◆ YOUR TASK ◆
Take the listing below and output it exactly, with no images.
++++ DATA EXTRACT
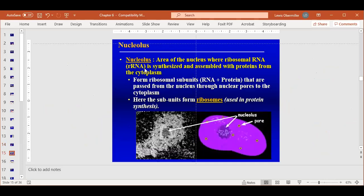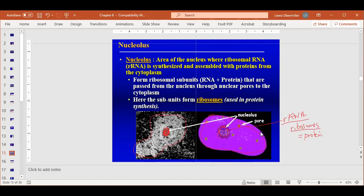The nucleolus is a dark spot inside the nucleus visible even under a light microscope due to intense activity. This is where ribosomal RNA is synthesized. It's dark because so much activity is happening making ribosomal RNA to ultimately build ribosomes that make proteins. The nucleolus is where ribosomal RNA is synthesized.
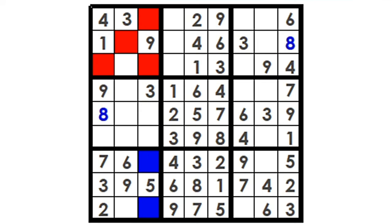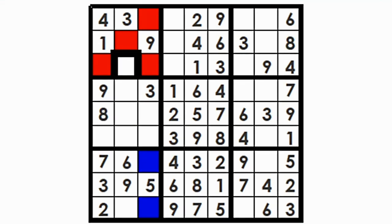The other red cells in box 1 also cannot contain 8 since the rows and columns they are in already contain an 8. There is only one cell left for 8, outlined in black.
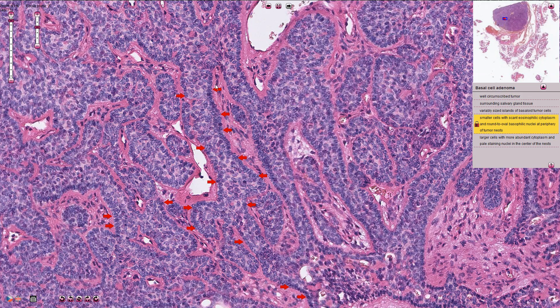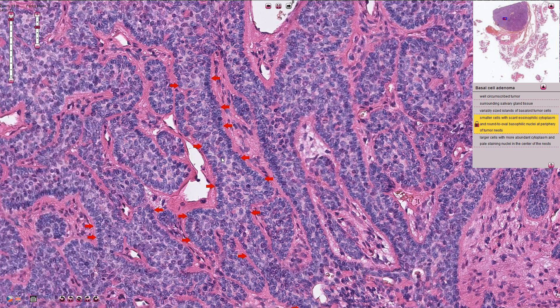On higher magnification we can see the detail of the trabecular pattern of growth, and we see that these trabecular structures are composed of two types of cells.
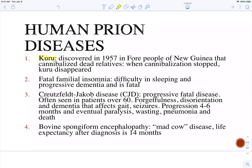Creutzfeldt-Jakob disease is also a fatal disease leading to similar neurologic symptoms, with progression over about four to six months to paralysis and then eventually death. Mad cow disease was when cattle in England were infected with the scrapie form of prion protein, and it got passed to people who ate from the affected cows.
++++++++
◆ OUTPUT BELOW ◆
The nucleolus is a dark spot inside the nucleus visible even under a light microscope due to intense activity. This is where ribosomal RNA is synthesized. It's dark because so much activity is happening making ribosomal RNA to ultimately build ribosomes that make proteins. The nucleolus is where ribosomal RNA is synthesized.
The other red cells in box 1 also cannot contain 8 since the rows and columns they are in already contain an 8. There is only one cell left for 8, outlined in black.
On higher magnification we can see the detail of the trabecular pattern of growth, and we see that these trabecular structures are composed of two types of cells.
Creutzfeldt-Jakob disease is also a fatal disease leading to similar neurologic symptoms, with progression over about four to six months to paralysis and then eventually death. Mad cow disease was when cattle in England were infected with the scrapie form of prion protein, and it got passed to people who ate from the affected cows.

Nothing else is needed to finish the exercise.